OGH vom 23.05.1991, 8Ob621/90

Kopf

Der Oberste Gerichtshof hat als Revisionsgericht durch den Senatspräsidenten des Obersten Gerichtshofes Hon.-Prof.Dr.Griehsler als Vorsitzenden und durch die Hofräte des Obersten Gerichtshofes Dr.Huber, Dr.Graf, Dr.Jelinek und Dr.Schinko als Richter in der Rechtssache der klagenden Partei Lia S*****, vertreten durch Dr.Ernst und Günther Hagen, Rechtsanwälte in Dornbirn, wider die beklagte Partei Karl S*****, vertreten durch Dr.Georg Mandl, Rechtsanwalt in Feldkirch, wegen Unterhaltserhöhung (Streitwert S 90.000), infolge Revision der beklagten Partei gegen das Urteil des Landesgerichtes Feldkirch als Berufungsgerichtes vom , GZ 1a R 180/90-33, womit infolge Berufung der beklagten Partei das Urteil des Bezirksgerichtes Feldkirch vom , GZ 2 C 74/88m-24, teilweise bestätigt und teilweise abgeändert wurde, in nichtöffentlicher Sitzung den Beschluß

gefaßt:

Spruch

Der Revision wird Folge gegeben.

Die Urteile der Vorinstanzen werden aufgehoben.

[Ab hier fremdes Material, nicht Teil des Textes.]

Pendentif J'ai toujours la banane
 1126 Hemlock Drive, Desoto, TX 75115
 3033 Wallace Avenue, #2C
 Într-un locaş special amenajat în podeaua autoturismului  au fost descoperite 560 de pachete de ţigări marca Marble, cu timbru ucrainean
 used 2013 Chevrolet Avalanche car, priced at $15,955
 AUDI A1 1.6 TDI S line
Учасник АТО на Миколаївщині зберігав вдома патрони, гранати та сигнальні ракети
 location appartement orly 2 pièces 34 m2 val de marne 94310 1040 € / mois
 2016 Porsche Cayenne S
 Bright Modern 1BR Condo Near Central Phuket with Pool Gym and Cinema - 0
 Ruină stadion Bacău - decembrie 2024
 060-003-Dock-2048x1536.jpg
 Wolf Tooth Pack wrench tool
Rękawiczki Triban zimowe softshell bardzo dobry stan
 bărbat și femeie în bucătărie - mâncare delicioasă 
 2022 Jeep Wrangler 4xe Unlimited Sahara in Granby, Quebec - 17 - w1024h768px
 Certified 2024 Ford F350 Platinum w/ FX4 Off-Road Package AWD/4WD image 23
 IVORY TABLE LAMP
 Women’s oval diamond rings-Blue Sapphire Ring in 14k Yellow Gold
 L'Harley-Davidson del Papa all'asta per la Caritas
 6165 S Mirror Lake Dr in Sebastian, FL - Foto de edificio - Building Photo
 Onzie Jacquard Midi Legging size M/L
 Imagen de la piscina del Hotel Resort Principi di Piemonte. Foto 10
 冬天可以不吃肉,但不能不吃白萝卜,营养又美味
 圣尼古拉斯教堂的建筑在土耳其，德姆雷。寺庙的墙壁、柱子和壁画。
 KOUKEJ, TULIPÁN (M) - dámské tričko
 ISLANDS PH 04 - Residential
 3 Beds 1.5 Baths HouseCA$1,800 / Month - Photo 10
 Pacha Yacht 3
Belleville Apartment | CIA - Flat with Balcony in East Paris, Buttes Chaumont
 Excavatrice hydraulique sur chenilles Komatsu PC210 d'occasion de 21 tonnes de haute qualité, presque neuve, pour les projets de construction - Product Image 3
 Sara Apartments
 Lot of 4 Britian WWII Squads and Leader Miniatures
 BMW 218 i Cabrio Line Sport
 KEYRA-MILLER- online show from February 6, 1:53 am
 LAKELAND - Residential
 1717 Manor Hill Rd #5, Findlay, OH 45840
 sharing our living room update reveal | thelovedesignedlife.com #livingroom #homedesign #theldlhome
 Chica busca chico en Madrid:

Die Rechtssache wird zur Verfahrensergänzung und neuerlichen

Entscheidung an das Erstgericht zurückverwiesen.

Die Kosten des Rechtsmittelverfahrens sind weitere Verfahrenskosten.

Text

Begründung:

Die Ehe der Streitteile wurde im Jahre 1982 aus dem überwiegenden Verschulden des Beklagten geschieden; dem Beklagten wurde die Zahlung von Unterhalt an die Klägerin, zuletzt in der Höhe von monatlich S 1.500, gerichtlich auferlegt. Im vorliegenden Rechtsstreit begehrt die Klägerin mit der Behauptung einer zwischenzeitigen Änderung der Verhältnisse ab einen erhöhten Unterhalt von monatlich S 4.000.

Der Beklagte beantragte die Abweisung des Klagebegehrens, weil er für seine nunmehrige Ehefrau teilweise sorgepflichtig und die Klägerin entgegen ihrem Vorbringen ohnehin arbeitsfähig sei.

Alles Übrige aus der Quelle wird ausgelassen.